The three largest ratings firms -- Standard & Poor’s, Moody’s Investors Service and Fitch Ratings -- have been widely criticized for their role in the global financial crisis brought on by the collapse of the subprime mortgage market.
Critics claim the rating firms gave their highest ratings to securities laced with risky mortgage backed assets in order to curry favor -- and profits -- from the firms buying and selling the securities.
The new rules specifically forbid the firms from advising banks on how to package securities in order to secure high ratings.
Thousands of securities initially given AAA ratings were later downgraded as the financial crisis washed across Wall Street, forcing nearly every large bank to write down billions of dollars in losses.
SEC commissioners voted unanimously at a public meeting to adopt the new rules.
SEC Chairman Christopher Cox called adoption of the new rules “a significant and substantive action.”
The industry had regulated itself for nearly a century, but that ended in 2007 as it became clear that many mortgage-backed securities given AAA ratings were likely to collapse in value.
The agencies have long been as almost de facto regulators, issuing ratings on the creditworthiness of public companies and securities.

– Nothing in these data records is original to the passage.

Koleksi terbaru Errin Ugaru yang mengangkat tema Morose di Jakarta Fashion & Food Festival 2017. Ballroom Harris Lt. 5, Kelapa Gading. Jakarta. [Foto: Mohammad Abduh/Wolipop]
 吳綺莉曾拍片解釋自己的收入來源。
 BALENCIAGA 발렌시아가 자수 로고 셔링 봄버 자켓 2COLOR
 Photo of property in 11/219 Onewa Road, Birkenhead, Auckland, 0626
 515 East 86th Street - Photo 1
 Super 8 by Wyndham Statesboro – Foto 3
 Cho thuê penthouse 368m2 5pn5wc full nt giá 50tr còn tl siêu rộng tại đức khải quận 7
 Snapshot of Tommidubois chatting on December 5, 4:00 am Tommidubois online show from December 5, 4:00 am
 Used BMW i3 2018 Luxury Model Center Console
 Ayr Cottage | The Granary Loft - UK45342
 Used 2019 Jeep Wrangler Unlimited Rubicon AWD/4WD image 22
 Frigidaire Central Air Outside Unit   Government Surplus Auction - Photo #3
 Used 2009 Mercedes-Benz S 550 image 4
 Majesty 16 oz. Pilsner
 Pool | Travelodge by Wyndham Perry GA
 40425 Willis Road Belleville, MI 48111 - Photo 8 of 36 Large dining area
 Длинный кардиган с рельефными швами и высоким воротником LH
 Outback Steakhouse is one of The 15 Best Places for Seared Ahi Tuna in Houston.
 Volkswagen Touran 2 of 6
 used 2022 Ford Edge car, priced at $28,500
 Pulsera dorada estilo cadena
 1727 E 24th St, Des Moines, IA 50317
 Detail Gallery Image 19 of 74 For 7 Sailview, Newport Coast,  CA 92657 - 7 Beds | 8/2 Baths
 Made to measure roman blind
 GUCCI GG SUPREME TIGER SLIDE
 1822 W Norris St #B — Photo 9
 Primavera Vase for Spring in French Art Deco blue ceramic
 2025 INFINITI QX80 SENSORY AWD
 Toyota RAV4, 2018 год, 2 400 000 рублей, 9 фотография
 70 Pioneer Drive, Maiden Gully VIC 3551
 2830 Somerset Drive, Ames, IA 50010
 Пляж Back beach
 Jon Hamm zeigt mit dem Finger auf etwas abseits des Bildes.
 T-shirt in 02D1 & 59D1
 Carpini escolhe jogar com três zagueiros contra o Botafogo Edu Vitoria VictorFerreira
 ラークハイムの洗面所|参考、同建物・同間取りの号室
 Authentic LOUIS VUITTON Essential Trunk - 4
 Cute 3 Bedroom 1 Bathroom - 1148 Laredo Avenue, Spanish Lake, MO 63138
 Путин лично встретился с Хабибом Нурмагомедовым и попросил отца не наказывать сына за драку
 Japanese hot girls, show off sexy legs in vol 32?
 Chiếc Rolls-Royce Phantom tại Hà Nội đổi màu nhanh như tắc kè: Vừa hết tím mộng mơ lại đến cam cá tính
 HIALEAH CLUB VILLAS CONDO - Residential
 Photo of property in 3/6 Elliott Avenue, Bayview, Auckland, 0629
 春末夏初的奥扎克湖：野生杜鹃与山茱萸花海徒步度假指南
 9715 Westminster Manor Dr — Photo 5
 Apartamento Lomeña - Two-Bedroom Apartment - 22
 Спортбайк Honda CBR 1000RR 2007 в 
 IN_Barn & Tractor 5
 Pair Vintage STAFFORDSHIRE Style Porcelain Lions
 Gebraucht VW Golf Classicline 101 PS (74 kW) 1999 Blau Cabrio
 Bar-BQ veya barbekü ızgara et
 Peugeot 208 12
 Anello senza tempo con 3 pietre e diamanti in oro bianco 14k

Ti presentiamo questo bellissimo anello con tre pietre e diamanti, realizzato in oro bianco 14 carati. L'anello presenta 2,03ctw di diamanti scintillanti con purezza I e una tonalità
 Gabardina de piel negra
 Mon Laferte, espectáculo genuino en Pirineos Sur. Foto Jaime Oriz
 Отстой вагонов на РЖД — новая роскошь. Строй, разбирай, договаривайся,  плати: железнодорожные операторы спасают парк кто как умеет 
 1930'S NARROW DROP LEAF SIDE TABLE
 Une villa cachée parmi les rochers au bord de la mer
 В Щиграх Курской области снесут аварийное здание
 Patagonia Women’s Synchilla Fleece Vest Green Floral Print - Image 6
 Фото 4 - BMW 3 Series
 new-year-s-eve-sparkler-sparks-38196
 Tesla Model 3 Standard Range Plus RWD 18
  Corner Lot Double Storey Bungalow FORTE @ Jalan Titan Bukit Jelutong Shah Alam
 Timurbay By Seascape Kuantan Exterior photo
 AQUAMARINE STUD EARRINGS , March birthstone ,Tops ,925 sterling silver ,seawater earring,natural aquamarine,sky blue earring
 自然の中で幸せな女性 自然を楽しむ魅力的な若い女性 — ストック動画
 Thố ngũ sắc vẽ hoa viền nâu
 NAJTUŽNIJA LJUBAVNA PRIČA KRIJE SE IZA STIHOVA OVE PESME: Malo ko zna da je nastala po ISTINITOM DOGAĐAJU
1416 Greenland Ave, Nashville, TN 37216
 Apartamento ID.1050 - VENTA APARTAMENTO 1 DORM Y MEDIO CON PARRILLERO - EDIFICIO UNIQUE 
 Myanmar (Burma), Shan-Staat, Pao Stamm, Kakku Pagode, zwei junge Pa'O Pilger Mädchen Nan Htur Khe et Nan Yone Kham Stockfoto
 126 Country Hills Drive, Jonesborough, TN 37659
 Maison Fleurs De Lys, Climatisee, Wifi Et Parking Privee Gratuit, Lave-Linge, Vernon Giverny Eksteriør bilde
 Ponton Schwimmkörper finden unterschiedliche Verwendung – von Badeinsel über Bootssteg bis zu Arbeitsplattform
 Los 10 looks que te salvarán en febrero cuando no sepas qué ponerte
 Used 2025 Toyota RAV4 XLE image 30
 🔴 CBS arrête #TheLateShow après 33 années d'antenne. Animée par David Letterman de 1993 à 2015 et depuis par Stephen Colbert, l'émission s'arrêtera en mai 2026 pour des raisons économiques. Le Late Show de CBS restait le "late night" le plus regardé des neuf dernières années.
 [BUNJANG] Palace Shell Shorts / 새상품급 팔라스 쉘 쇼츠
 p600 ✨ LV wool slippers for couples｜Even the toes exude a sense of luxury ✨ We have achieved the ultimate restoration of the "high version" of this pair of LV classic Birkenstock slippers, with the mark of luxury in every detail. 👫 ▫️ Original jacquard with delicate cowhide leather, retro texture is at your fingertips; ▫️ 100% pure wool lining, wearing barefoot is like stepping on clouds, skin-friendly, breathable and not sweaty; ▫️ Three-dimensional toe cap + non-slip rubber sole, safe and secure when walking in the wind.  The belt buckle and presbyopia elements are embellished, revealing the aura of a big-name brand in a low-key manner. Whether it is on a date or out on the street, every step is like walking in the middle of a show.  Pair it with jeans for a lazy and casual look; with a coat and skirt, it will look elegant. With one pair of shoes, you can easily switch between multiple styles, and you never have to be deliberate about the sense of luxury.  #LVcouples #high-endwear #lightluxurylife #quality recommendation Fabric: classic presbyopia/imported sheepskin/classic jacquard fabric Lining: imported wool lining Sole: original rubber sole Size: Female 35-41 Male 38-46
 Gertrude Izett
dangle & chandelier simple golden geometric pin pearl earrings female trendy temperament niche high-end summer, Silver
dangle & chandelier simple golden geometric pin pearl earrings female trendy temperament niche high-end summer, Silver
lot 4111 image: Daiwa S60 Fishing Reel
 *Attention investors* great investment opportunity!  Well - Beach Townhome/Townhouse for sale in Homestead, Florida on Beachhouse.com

Investors depend on the ratings to purchase the safest possible securities.
Their grades can be key factors in determining a company's ability to raise or borrow money, and at what cost which securities will be purchased by banks, mutual funds, state pension funds or local governments.
Among the other new rules is one that will require the rating firms to disclose how much verification they performed on the quality of the securities they review.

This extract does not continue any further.